College Republicans warned their party about its dire lack of appeal to young voters Monday, in another excruciatingly detailed report that warning that the GOP must change or die.
The new 95-page report, which was compiled by the College National Republican Committee, describes the party’s challenge with Millennial voters — both when it comes to reaching them and messaging in a way that connects with them. The report is based on in-depth research from two separate surveys and subsequent focus groups conducted by The Winston Group.
“The Republican Party has won the youth vote before and absolutely can win it again. But this will not occur without significant work to repair the damage done to the Republican brand among this age group over the last decade,” the CNRC writes in the report.
Some of the more brutal details:
- In January, the CNRC asked identified “winnable” young people who had voted for Obama the words that came to mind when hearing the words “Republican Party.” Four of the most common responses: “closed-minded, racist, rigid, old-fashioned.” Democrats, by contrast, were “tolerant,” “diverse,” and “open-minded.”
- Young voters don’t consider elected officials to be the Republican Party’s leaders. A focus group in Ohio selected Rush Limbaugh, Glenn Beck, and Bill O’Reilly as the most iconic figures they identify with the GOP. By contrast, they identified Barack Obama, the Clintons, and Nancy Pelosi, along with other prominent current and former elected officials.
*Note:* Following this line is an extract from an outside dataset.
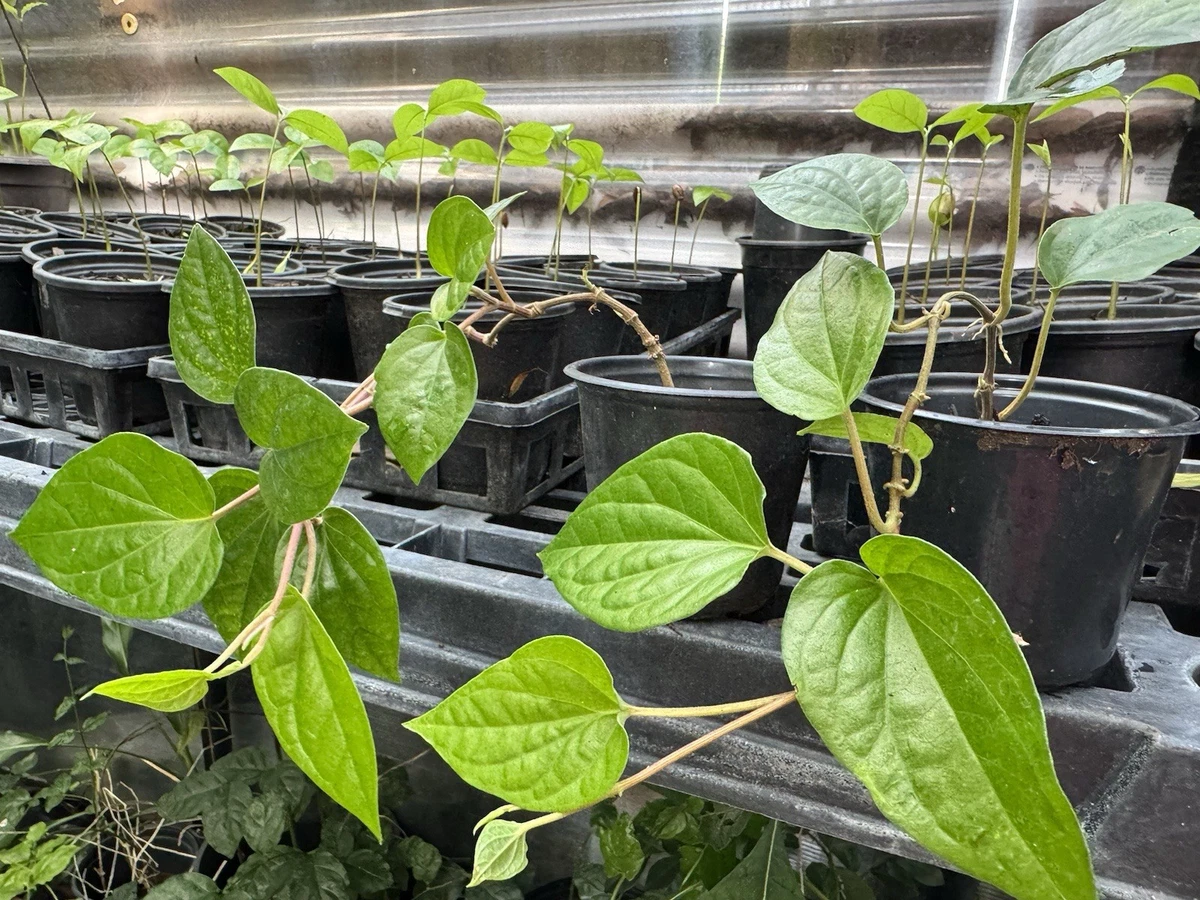 betel plant products for sale | eBay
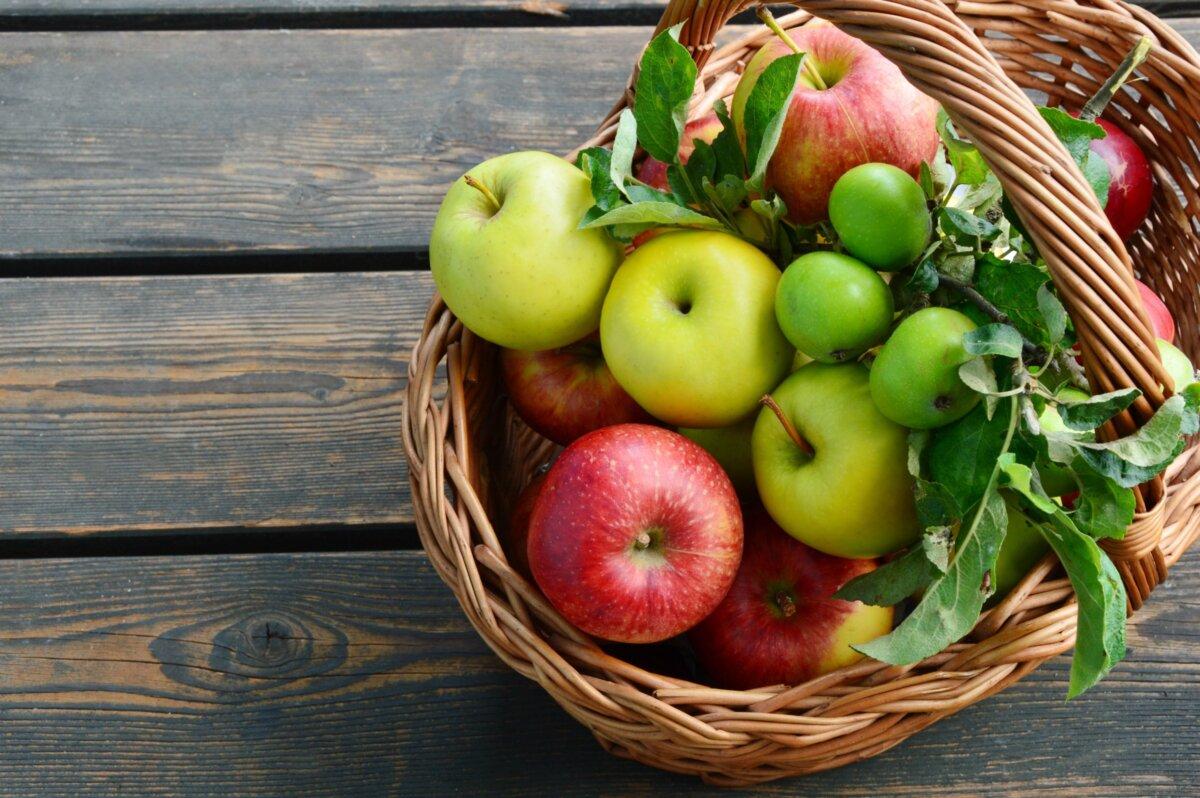 (PosiNote/Shutterstock)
- The report accused Republicans of not having any “substance behind” a vague message of economic growth. “Economic growth and opportunity policies cannot just be about tax cuts and spending cuts,” the report says. It needs to be backed up with specific policy prescriptions on health care, immigration, and education.
- On immigration, the report concludes that young Latino voters think the GOP “couldn’t care less” about them.
- Republicans need to drop their “big government” argument against policies, according to the report. “When Republicans proudly say they are going to take on President Obama’s ‘big-government policies,’ many young people shrug their shoulders, unsure what we mean by ‘big government’ and exactly how that crusade will make their lives better,” the report says.